David is a staunch defender of near-universally accepted norms of etiquette that affect people on a day-to-day basis. The principles he invokes are not about controversial and divisive political ideals, but rather, he usually confronts someone because their selfishness has inconvenienced others in a practical way. His call-outs aren't empty posturing about social politics or a signal to his friends of his self-awareness. He just doesn't like thoughtlessness, and none of us should.
He just doesn't like thoughtlessness, and none of us should.
Unlike the knights of social justice raging on Twitter today, Larry David's confrontations are nearly always in-person, too, which is better for the simple reason that face-to-face scoldings are less likely to happen. The transactions costs are far lower in shooting off a sarcastic tweet than in confronting a real person in the street. So, then, they're much more likely to happen only when they're warranted—not at slight and unforeseeable offenses.
It seems that while the angry and political get caught up in the outrage mob, we've forgotten all about the most basic niceties that come with being human. We have lost an important respect of the social infrastructure we erected in order to co-exist in the first place. It's worn down our own understandings of what is necessary to live together in community. The result is a much more fraught society that makes living together unnecessarily difficult. It's not surprising that, as a people, we are rather divided.
We're forever trying to rid ourselves of the concept of "norms," but cultures throughout time and place have had them for a reason. Of course, the mere existence of norms has never been enough to stop people from breaking them. When we do shrug them off, we do so for bad yet widely-accepted reasons. We break them to make a political statement, such as women forgoing bras in the name of social and gender equality. We break them because our selfish impulses overpower our desire to maintain conscientiousness behavior. (We're rude to a cashier because we're having a bad day or we fail to hold the door open for the woman behind us at the cafe because we're too busy thinking about work.) And, ultimately, we do these things because we know that selfishness is the way of our world—and we'll encounter no objection.
But we need objections from real people, because we ought to be taken to task when we're actively squashing the community we so desperately need.
That kind of accountability doesn't need to come from our formal institutions.
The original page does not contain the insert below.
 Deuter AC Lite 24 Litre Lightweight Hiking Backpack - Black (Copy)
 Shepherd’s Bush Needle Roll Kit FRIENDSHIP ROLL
Yes, our federal, state, and local governments were established to limit the negative consequences of people's selfishness. Our formal institutions protect us from, and deter, thieves who might want to rob us and companies who might want to defraud us.
Larry David, though neurotic and obsessive compulsive, is on to something.
Yet formal institutions alone are insufficient for a fully flourishing society, because they only address the most egregious examples of human selfishness. Informal institutions and norms, then, ought to take care of the rest. And that's the way we want it keep it, lest we bring upon ourselves something akin to China's horrifying Social Credit system. An acerbic Larry David-type is infinitely preferable.
We are individuals, but we're more than that. We're people who need other people, and when we shirk our duty to customs, norms, and basic human kindness, we're insisting we don't. Though if we're to find community once more, we need to take each other to task—not for microaggressions, but, rather, for forgetting we're not islands. Community is equal parts building up when deserved and tearing down when needed.
Larry David, though neurotic and obsessive compulsive, is on to something. Instead of just chuckling at his ridiculous antics, perhaps we should all be taking notes instead.